Masih penasaran, kemudian on the way saya balik ke Indonesia, saya transit di Singapura selama kurang lebih sembilan jam. Nah, di sini saya coba lagi tarik tunai di mesin ATM DBS di foodcourt Bandara Changi. Kartu kredit dari bank yang sama tapi kali ini dengan logo JCB. Pilih pilihan untuk tarik tunai, dan langsung klik SGD 100. Processing dan kemudian langsung confirmed. Nggak ada embel-embel charge dari bank atau sebagainya.

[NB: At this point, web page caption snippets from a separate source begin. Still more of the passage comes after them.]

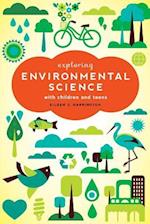 Harrington, E:  Exploring Environmental Science with Childre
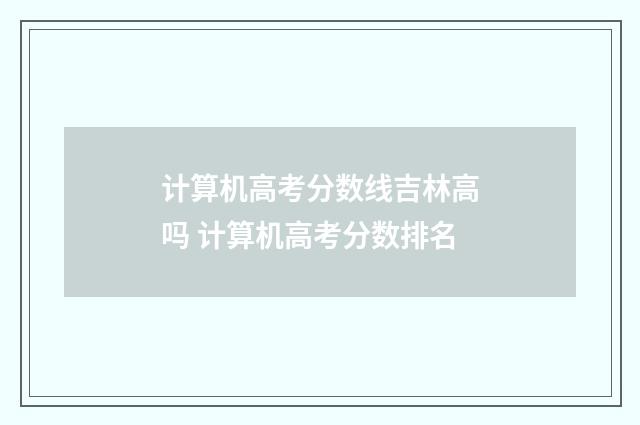 计算机高考分数线吉林高吗 计算机高考分数排名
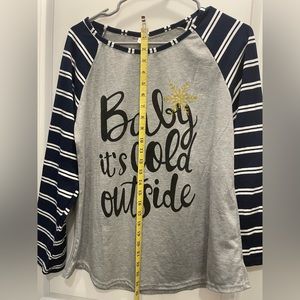 Baby is cold outside long sleeve shirt. L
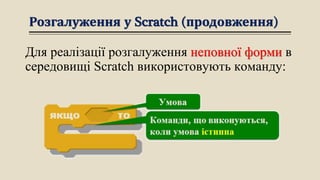 Розгалуження у Scratch (продовження)
Для реалізації розгалуження неповної форми в
середовищі Scratch використовують команду:
 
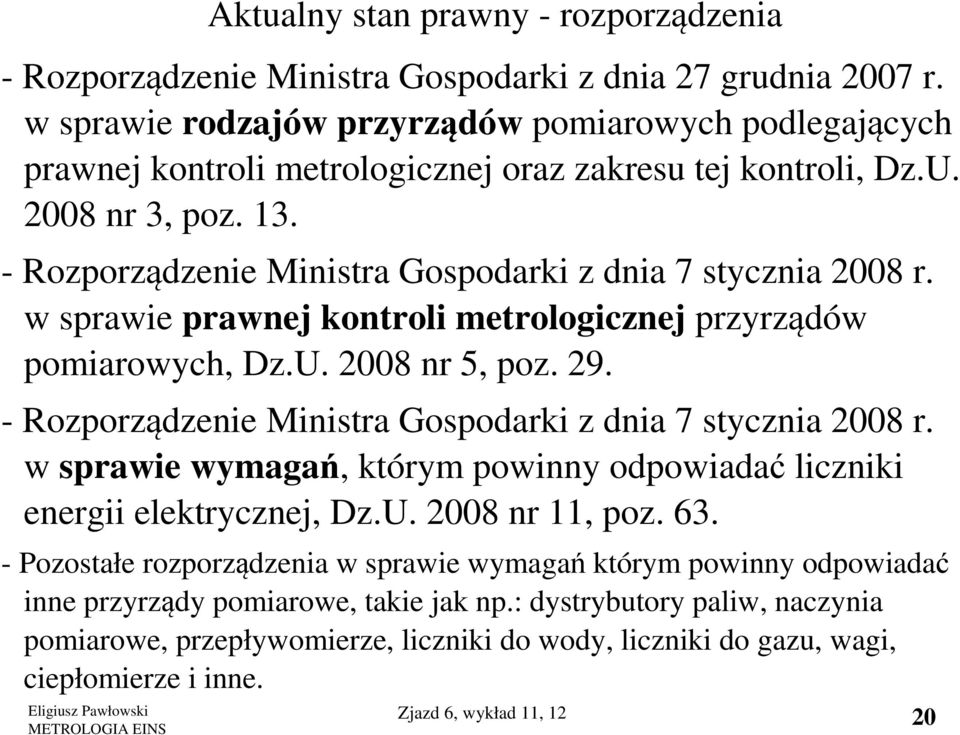 - Rozporządzenie Ministra Gospodarki z dnia 7 stycznia 2008 r. w sprawie prawnej kontroli metrologicznej przyrządów pomiarowych, Dz.U. 2008 nr 5, poz. 29.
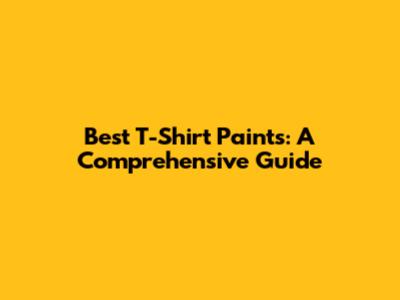 Best T-Shirt Paints: A Comprehensive Guide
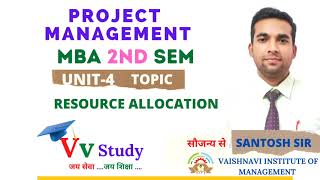 RESOURCE ALLOCATION  PROJECT MANAGEMENT  UNIT4  2nd SEM  MBA VV STUDY [upl. by Kristopher191]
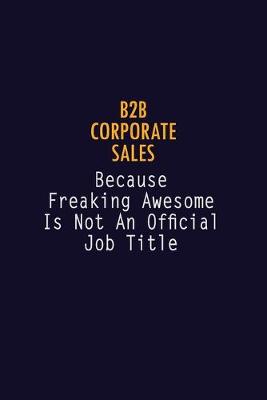 Book cover for B2B Corporate Sales Because Freaking Awesome is not An Official Job Title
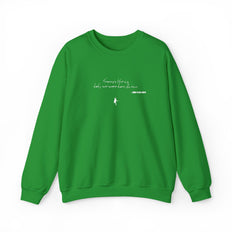 Tramps like us, baby, we were born to run - Embroided crewneck sweatshirt – Springsteen-inspired Holiday apparel
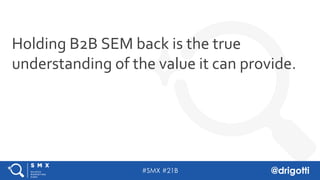 #SMX #21B @drigotti
Holding B2B SEM back is the true
understanding of the value it can provide.
 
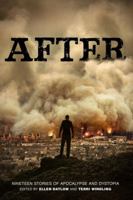 After: Nineteen Stories of Apocalypse and Dystopia 1423148126 Book Cover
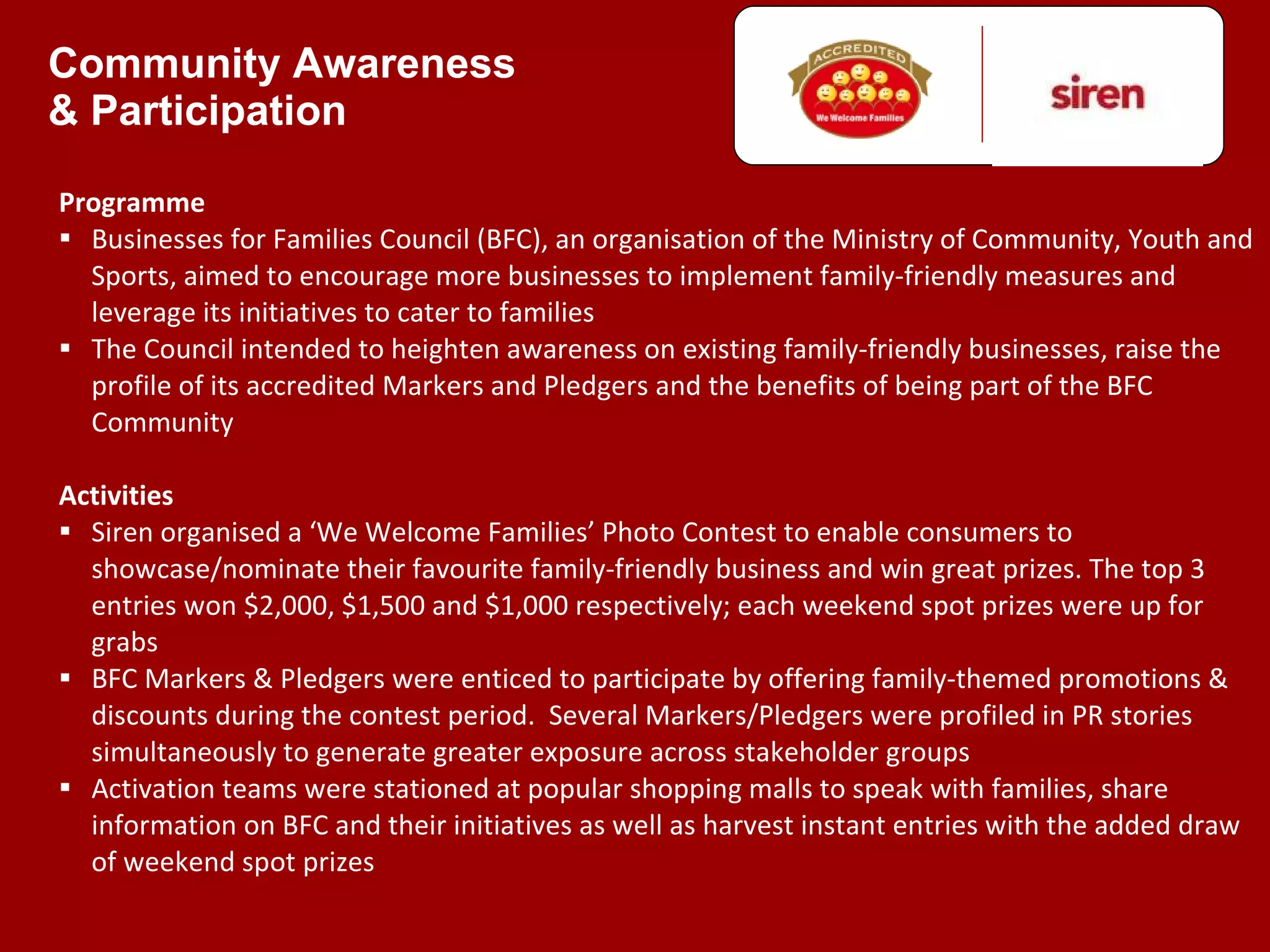 Community Awareness  & Participation Programme Businesses for Families Council (BFC), an organisation of the Ministry of Community, Youth and Sports, aimed to encourage more businesses to implement family-friendly measures and leverage its initiatives to cater to families The Council intended to heighten awareness on existing family-friendly businesses, raise the profile of its accredited Markers and Pledgers and the benefits of being part of the BFC Community Activities Siren organised a  ‘We Welcome Families’ Photo Contest to enable consumers to showcase/nominate their favourite family-friendly business and win great prizes. The top 3 entries won $2,000, $1,500 and $1,000 respectively; each weekend spot prizes were up for grabs  BFC Markers & Pledgers were enticed to participate by offering family-themed promotions & discounts during the contest period.  Several Markers/Pledgers were profiled in PR stories simultaneously to generate greater exposure across stakeholder groups Activation teams were stationed at popular shopping malls to speak with families, share information on BFC and their initiatives as well as harvest instant entries with the added draw of weekend spot prizes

Setelahnya, saya cukup kepikiran juga sih kira-kira kena charge berapa ya? Tapi yasudahlah, saya pikir kalau memang nanti kena charge sangat tinggi, anggap aja sebagai pengalaman. Pengalaman kan mahal, ya nggak? Beberapa minggu kemudian di tagihan bulanan kartu kredit saya, tagihan yang muncul adalah konversi SGD 100 ke dalam rupiah sebesar IDR 1.037.976 plus Cash Advance Percent Fee sebesar IDR 41.519. Jadi saya cuma kena tambahan charge sebesar 4 persen.

Tagihan Kartu Kredit

Not too bad sih, walaupun sebaiknya dihindari. Cuma kalau sedang dalam keadaan kepepet kan bisa menjadi solusi. Semoga sharing saya kali ini bisa berguna buat yang selama ini bertanya-tanya perihal tersebut.

Tips dari saya, buat jaga-jaga, sebelum kamu pergi ke luar negeri sebaiknya kontak bank penerbit kartu kredit kamu supaya kartunya bisa digunakan di luar negeri, mau itu akhirnya akan digunakan atau nggak. Biar lebih aman kalau terjadi keapesan di perjalanan. Semisal dicopet, dompet ilang dan sebagainya.